YOUR OBJECTIVE :: Every line below from the one containing "538 S 1400 W, Farmington, UT 84025" through the one containing "his marriage proposal" must be transcribed exactly. Omit all lines outside that stretch.

ENTRIES PROVIDED ::
——

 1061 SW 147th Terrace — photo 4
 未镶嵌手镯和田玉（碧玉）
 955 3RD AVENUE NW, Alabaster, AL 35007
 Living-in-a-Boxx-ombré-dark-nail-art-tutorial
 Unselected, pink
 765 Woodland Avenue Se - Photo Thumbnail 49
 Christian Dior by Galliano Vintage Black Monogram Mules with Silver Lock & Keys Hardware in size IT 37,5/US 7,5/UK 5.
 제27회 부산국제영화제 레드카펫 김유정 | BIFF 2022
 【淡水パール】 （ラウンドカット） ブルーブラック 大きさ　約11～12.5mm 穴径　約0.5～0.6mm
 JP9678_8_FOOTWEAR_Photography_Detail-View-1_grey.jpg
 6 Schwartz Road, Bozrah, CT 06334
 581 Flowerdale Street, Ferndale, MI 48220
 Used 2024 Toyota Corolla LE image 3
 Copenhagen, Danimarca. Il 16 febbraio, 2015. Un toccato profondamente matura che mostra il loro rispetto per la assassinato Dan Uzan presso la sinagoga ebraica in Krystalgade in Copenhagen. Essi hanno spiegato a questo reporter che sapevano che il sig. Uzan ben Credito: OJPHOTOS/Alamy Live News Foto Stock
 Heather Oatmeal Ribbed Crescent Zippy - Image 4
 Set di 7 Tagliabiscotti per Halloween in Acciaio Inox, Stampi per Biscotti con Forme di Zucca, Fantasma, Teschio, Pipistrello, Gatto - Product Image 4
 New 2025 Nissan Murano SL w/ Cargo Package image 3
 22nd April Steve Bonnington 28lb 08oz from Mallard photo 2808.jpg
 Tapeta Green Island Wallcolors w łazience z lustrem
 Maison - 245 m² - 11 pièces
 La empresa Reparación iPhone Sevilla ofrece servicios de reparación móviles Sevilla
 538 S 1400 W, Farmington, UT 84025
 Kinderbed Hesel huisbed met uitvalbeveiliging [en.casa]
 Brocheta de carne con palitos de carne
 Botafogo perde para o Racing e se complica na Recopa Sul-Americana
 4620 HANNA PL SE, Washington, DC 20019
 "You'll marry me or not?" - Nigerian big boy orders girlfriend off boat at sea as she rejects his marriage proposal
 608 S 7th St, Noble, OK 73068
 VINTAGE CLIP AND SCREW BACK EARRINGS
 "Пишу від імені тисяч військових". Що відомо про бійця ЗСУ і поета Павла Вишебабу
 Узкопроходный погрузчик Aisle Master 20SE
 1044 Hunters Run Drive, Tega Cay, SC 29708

——

EXPECTED ANSWER ::
 538 S 1400 W, Farmington, UT 84025
 Kinderbed Hesel huisbed met uitvalbeveiliging [en.casa]
 Brocheta de carne con palitos de carne
 Botafogo perde para o Racing e se complica na Recopa Sul-Americana
 4620 HANNA PL SE, Washington, DC 20019
 "You'll marry me or not?" - Nigerian big boy orders girlfriend off boat at sea as she rejects his marriage proposal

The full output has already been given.